What is needed:
Begin at the line holding "La Quinta Inn" and set down exactly each line through the last one below, omitting pictures. Include nothing else.
*** Exercise data ***
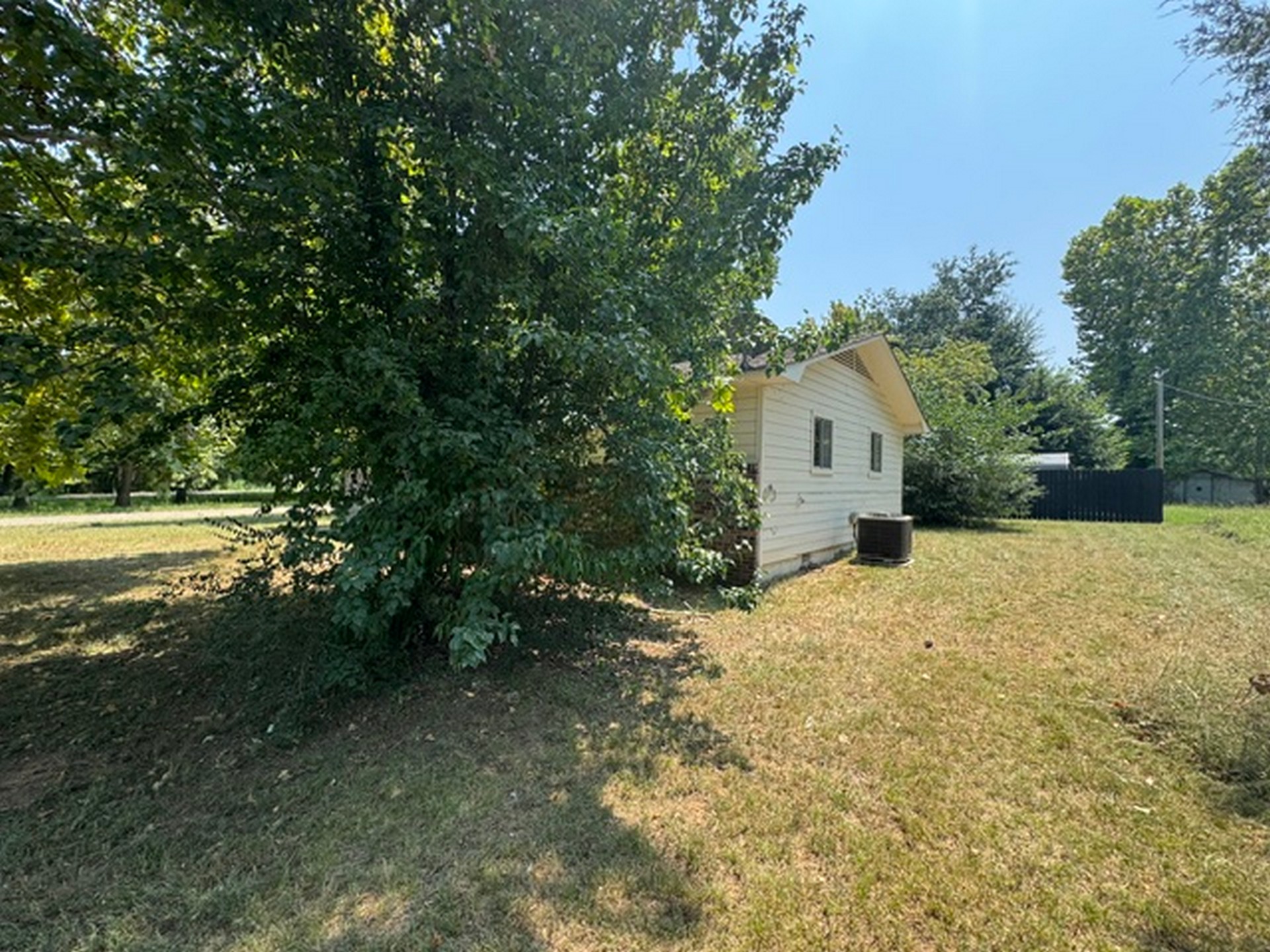600 S Southerland Road Property Photo 4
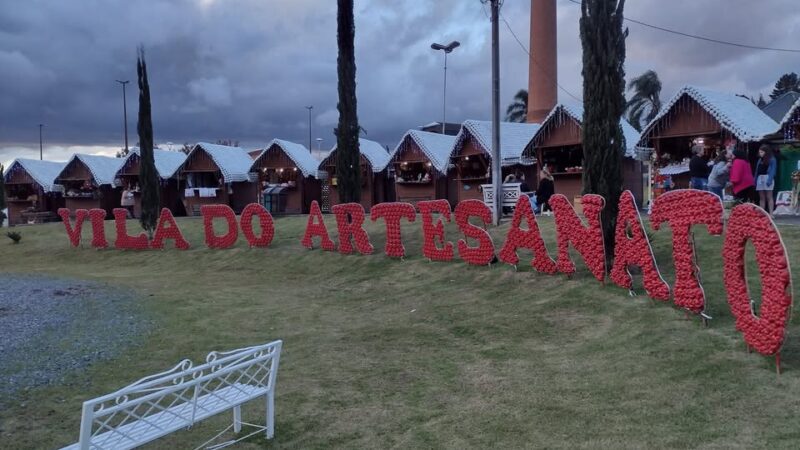 Vila do Artesanato de Rio Negrinho funciona em horários especiais durante o Natal Encantado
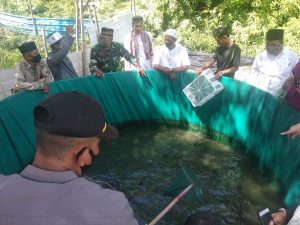 Pesantren Nurul Ikhsan Panen Perdana Lele di Kolam Bioflok Kodim Aceh Jaya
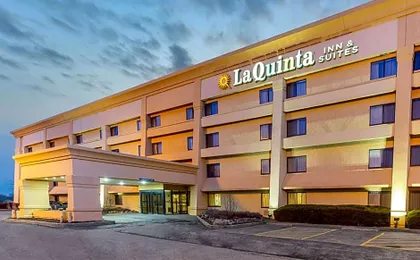 La Quinta Inn & Suites by Wyndham Chicago Gurnee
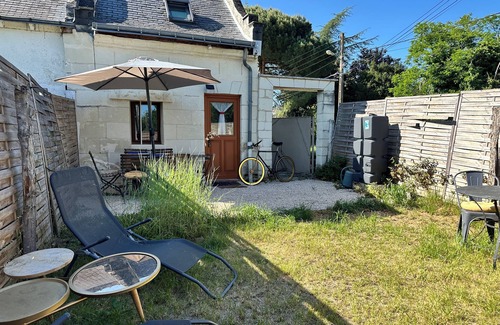 Savigny-en-Veron Maison | Small house with private garden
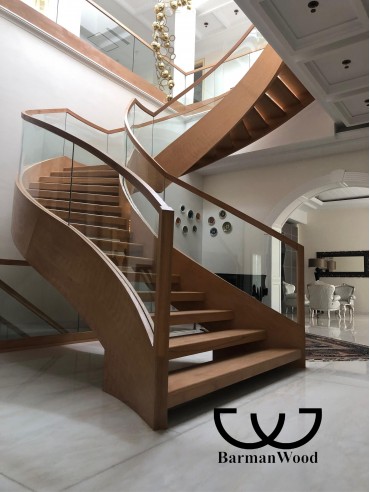 پله پیچ مدل رویال باکس (Royal Box)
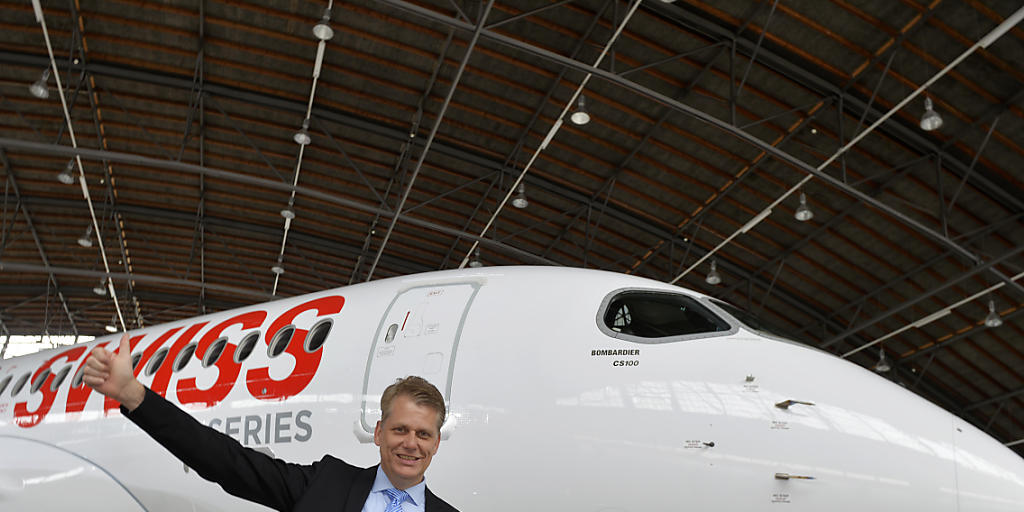 Swiss-Chef Harry Hohmeister posiert in einem Hangar am Flughafen Zürich vor dem neuen Bombardier-CS100-Jet der Fluggesellschaft. Mit solchen Jets soll ab 2016 schrittweise die Jumbolino-Flotte ersetzt werden. Swiss-Chef Harry Hohmeister posiert in einem Hangar am Flughafen Zürich vor dem neuen Bombardier-CS100-Jet der Fluggesellschaft. Mit solchen Jets soll ab 2016 schrittweise die Jumbolino-Flotte ersetzt werden.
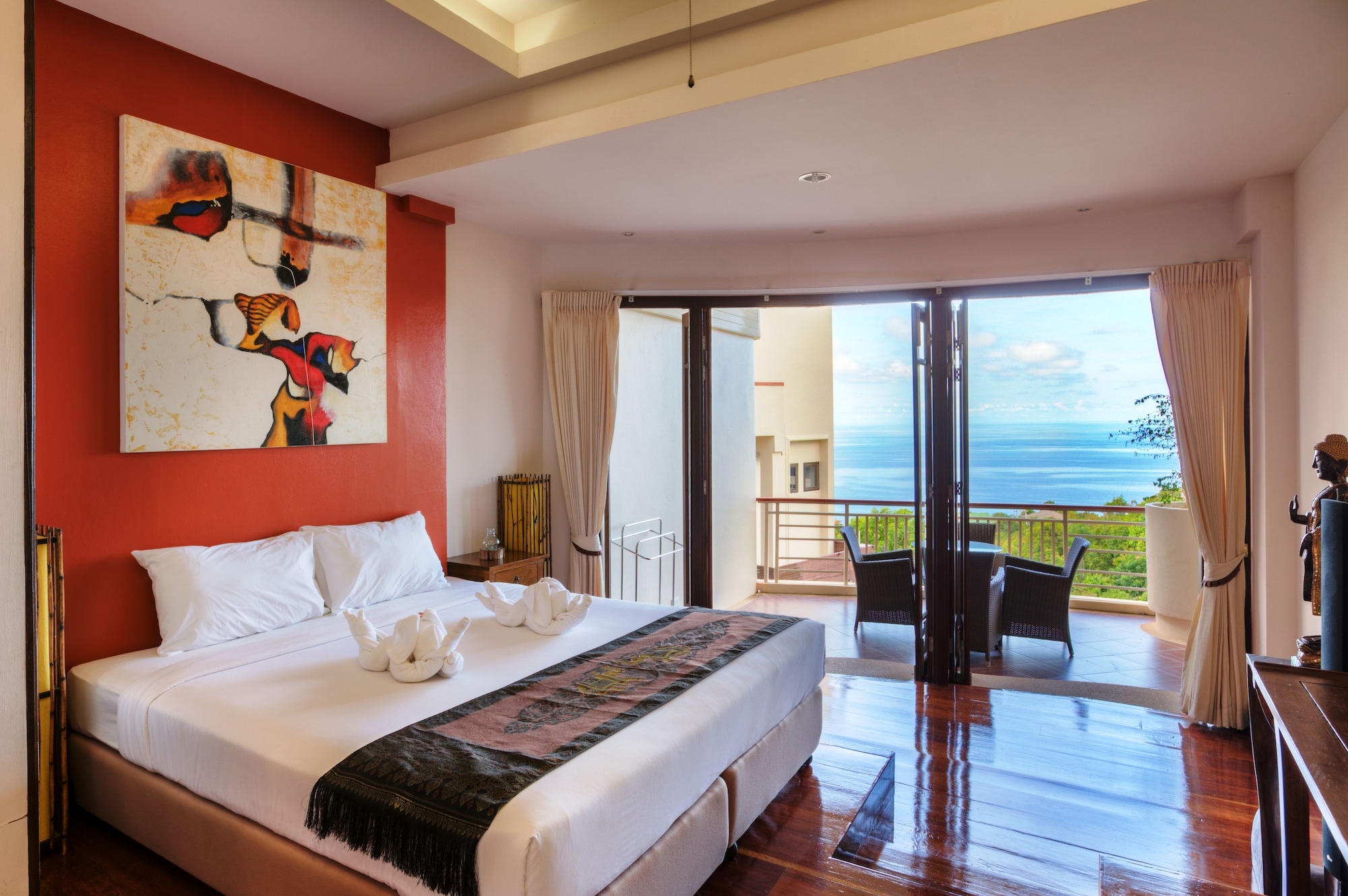 SUITE, PARTIAL SEA VIEW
*** End of Exercise data ***
Finished exercise:
 La Quinta Inn & Suites by Wyndham Chicago Gurnee
 Savigny-en-Veron Maison | Small house with private garden
 پله پیچ مدل رویال باکس (Royal Box)
 Swiss-Chef Harry Hohmeister posiert in einem Hangar am Flughafen Zürich vor dem neuen Bombardier-CS100-Jet der Fluggesellschaft. Mit solchen Jets soll ab 2016 schrittweise die Jumbolino-Flotte ersetzt werden. Swiss-Chef Harry Hohmeister posiert in einem Hangar am Flughafen Zürich vor dem neuen Bombardier-CS100-Jet der Fluggesellschaft. Mit solchen Jets soll ab 2016 schrittweise die Jumbolino-Flotte ersetzt werden.
 SUITE, PARTIAL SEA VIEW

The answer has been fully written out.